That decision was based on the belief that the area where jaguars occurred in the United States was but a very small part of its range. “The conservation of the species is going to depend entirely on Mexico, Central America and South America,” Humphrey said.
In 1979, Fish and Wildlife listed the animal as endangered only in foreign countries. It took another 18 years to extend that protection within the United States.
Robinson said there was no domestic listing initially because all jaguars in the country had been thought exterminated, with strong federal support, because of their historic livestock predation.
Humphrey said the GPS collar will help answer whether the jaguar goes back and forth to Mexico. “It’s going to fill in those information gaps,” he said.
Macho B, thought to be 15 or 16 years old, is one of four jaguars caught on cameras over several years. But other than the photos, they had essentially been apparitions in Arizona and New Mexico.
But Robinson said that historically, jaguars extended from east to west coast, as far north as the Grand Canyon, San Francisco Bay area, the Appalachian Mountains and possibly into Colorado. Their progenitor evolved in North America and migrated south, he said. Jaguars are the biggest cat found in North or South America. “They’re very cryptic animals, they’re secretive,” Robinson said. “There are a handful of them that are in our mountains.”
Because they are so elusive, hard estimates of total numbers of jaguars are difficult to come by.
“I have heard anywhere from 5,000 to 15,000,” said Bill Van Pelt, nongame bird and mammal program manager for the Arizona Game and Fish Department. “Of all the large cats, jaguars are the least studied. So it’s hard to estimate population sizes.”
“Macho B for the past 13 years has spent a considerable amount of time in the United States,” Van Pelt said.
The jaguar’s spotting patterns are as unique as a person’s fingerprints, Van Pelt said, and Macho B-watchers have identified two spots, or rosettes, by which they say they’re able to identify that particular animal: “The Betty Boop and the Pinocchio spots.”

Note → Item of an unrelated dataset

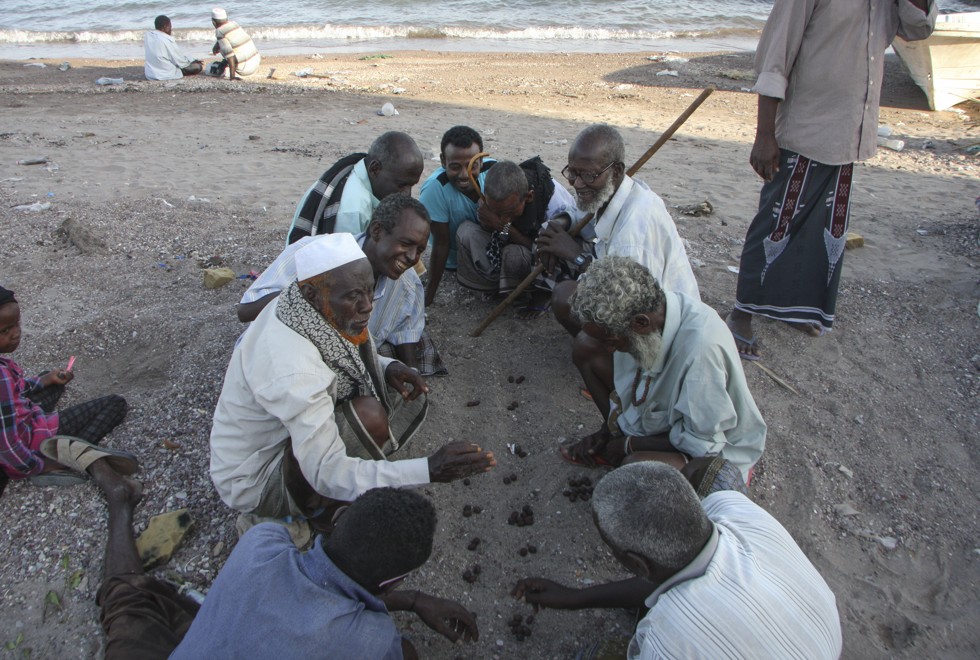 Men play a traditional Afar game at a beach in Tadjoura. Picture: James Jeffrey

Van Pelt said the tracking collar’s GPS positions will show how the animal traverses mountains and roads and what time of day it travels. The information also will lead scientists to look for its prey by reviewing predation that has occurred in an area the animal just frequented. They believe it also may lead to another jaguar.
“By getting a collar on this animal, this is going to unlock some of the mysteries that we’ve had about this animal for the last 13 years,” Van Pelt said.